ACTION ITEM → Return the data below exactly, please, but drop the pictures.

Image-text web data →

#####

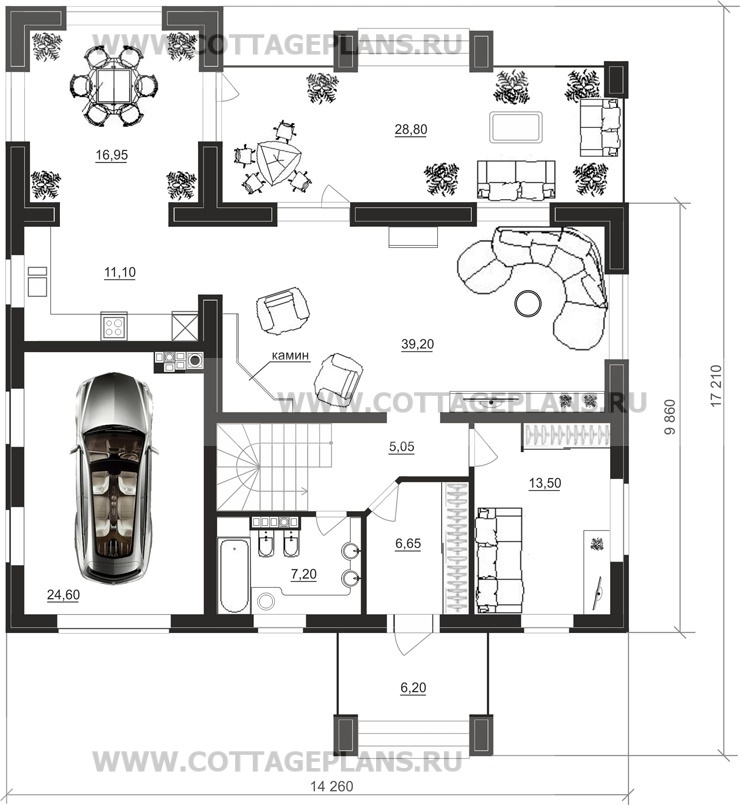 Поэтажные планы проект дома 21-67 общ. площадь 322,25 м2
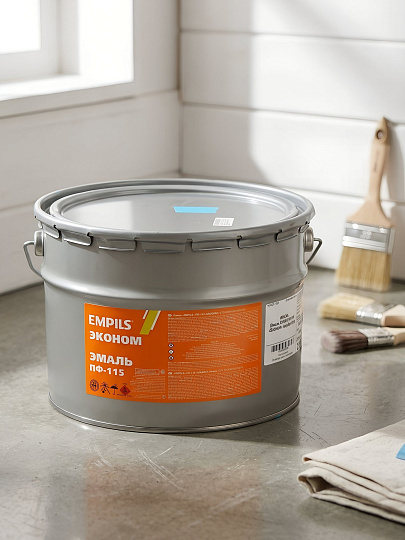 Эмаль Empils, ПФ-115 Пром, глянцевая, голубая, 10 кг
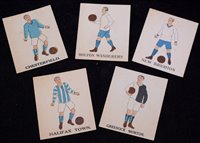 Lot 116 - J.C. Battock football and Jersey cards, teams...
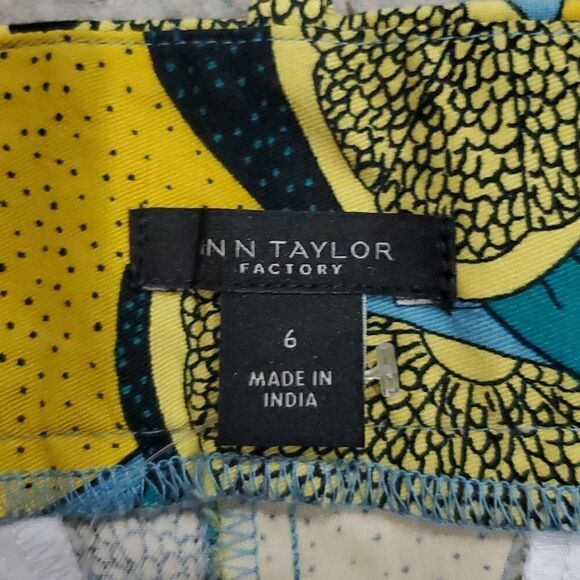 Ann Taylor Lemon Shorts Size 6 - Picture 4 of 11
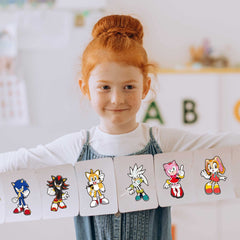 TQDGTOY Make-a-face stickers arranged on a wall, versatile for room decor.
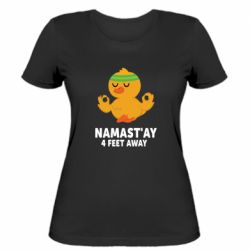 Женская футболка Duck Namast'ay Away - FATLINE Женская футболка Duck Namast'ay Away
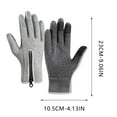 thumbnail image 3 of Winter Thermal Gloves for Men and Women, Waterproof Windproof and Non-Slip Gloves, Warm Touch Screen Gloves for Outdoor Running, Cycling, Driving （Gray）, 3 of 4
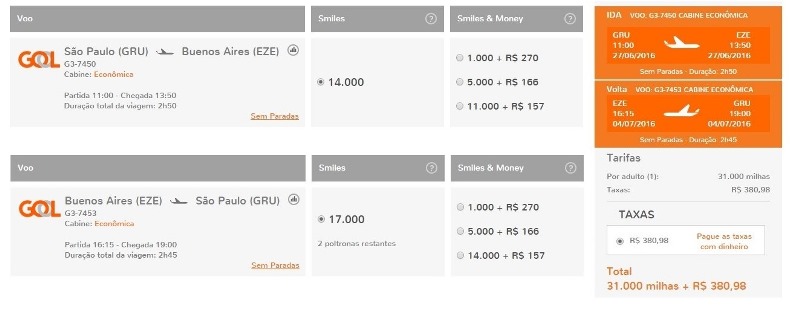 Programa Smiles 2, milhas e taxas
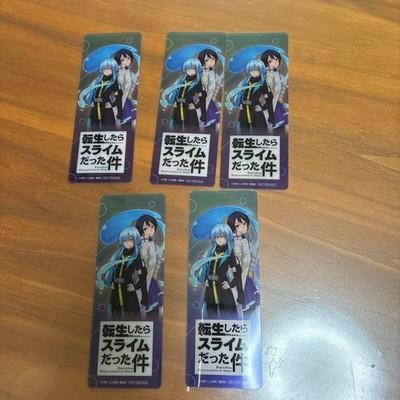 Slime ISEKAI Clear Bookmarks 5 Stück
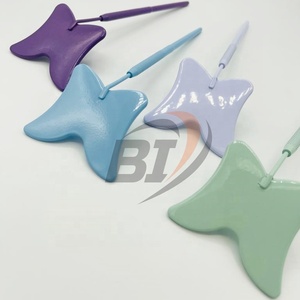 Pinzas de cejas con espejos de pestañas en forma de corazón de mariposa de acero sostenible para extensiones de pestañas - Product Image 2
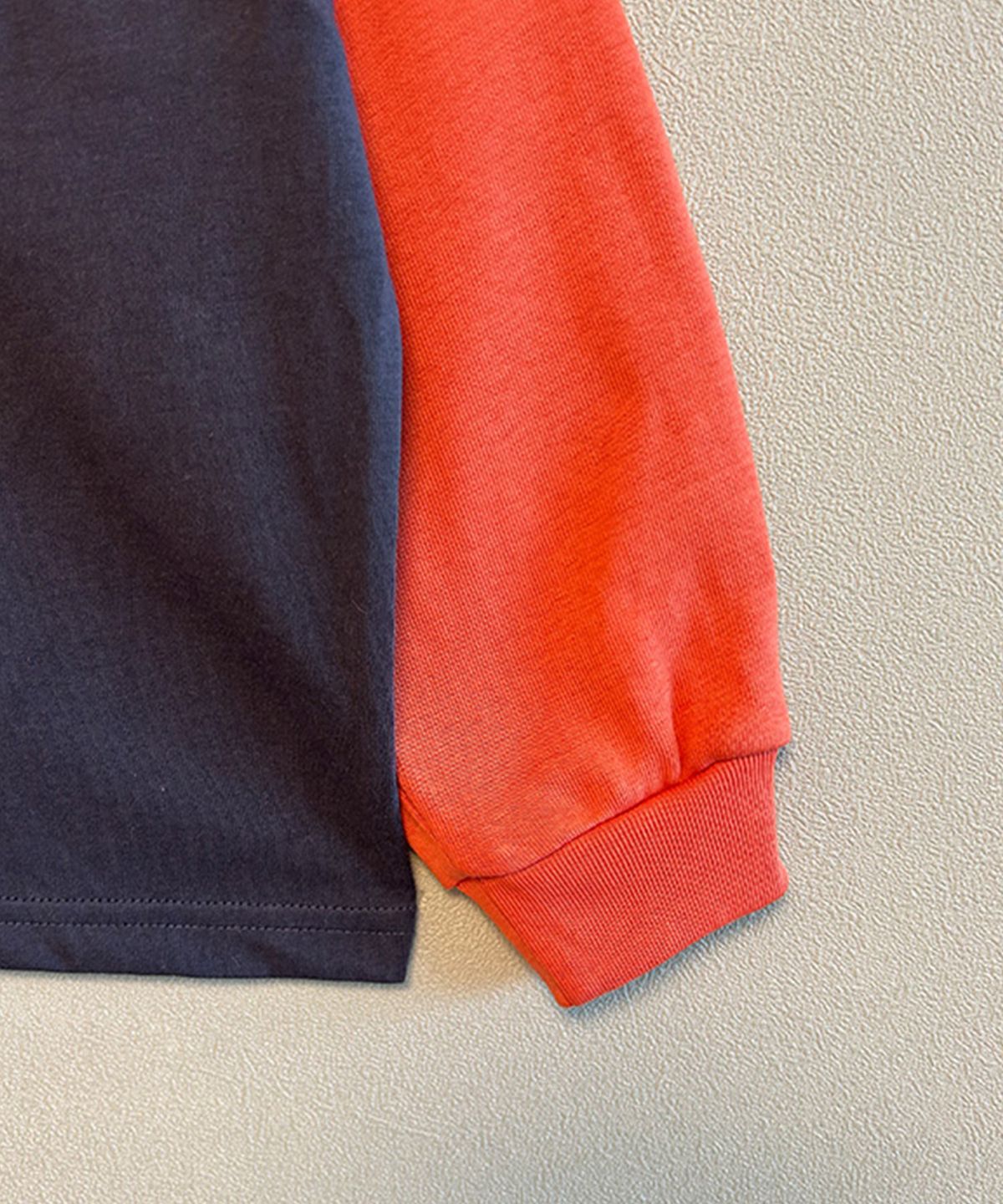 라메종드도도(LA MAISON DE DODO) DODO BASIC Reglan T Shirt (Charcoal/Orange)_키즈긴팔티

#####

WRITTEN RESPONSE →
 Поэтажные планы проект дома 21-67 общ. площадь 322,25 м2
 Эмаль Empils, ПФ-115 Пром, глянцевая, голубая, 10 кг
 Lot 116 - J.C. Battock football and Jersey cards, teams...
 Ann Taylor Lemon Shorts Size 6 - Picture 4 of 11
 TQDGTOY Make-a-face stickers arranged on a wall, versatile for room decor.
 Женская футболка Duck Namast'ay Away - FATLINE Женская футболка Duck Namast'ay Away
 thumbnail image 3 of Winter Thermal Gloves for Men and Women, Waterproof Windproof and Non-Slip Gloves, Warm Touch Screen Gloves for Outdoor Running, Cycling, Driving （Gray）, 3 of 4
 Programa Smiles 2, milhas e taxas
 Slime ISEKAI Clear Bookmarks 5 Stück
 Pinzas de cejas con espejos de pestañas en forma de corazón de mariposa de acero sostenible para extensiones de pestañas - Product Image 2
 라메종드도도(LA MAISON DE DODO) DODO BASIC Reglan T Shirt (Charcoal/Orange)_키즈긴팔티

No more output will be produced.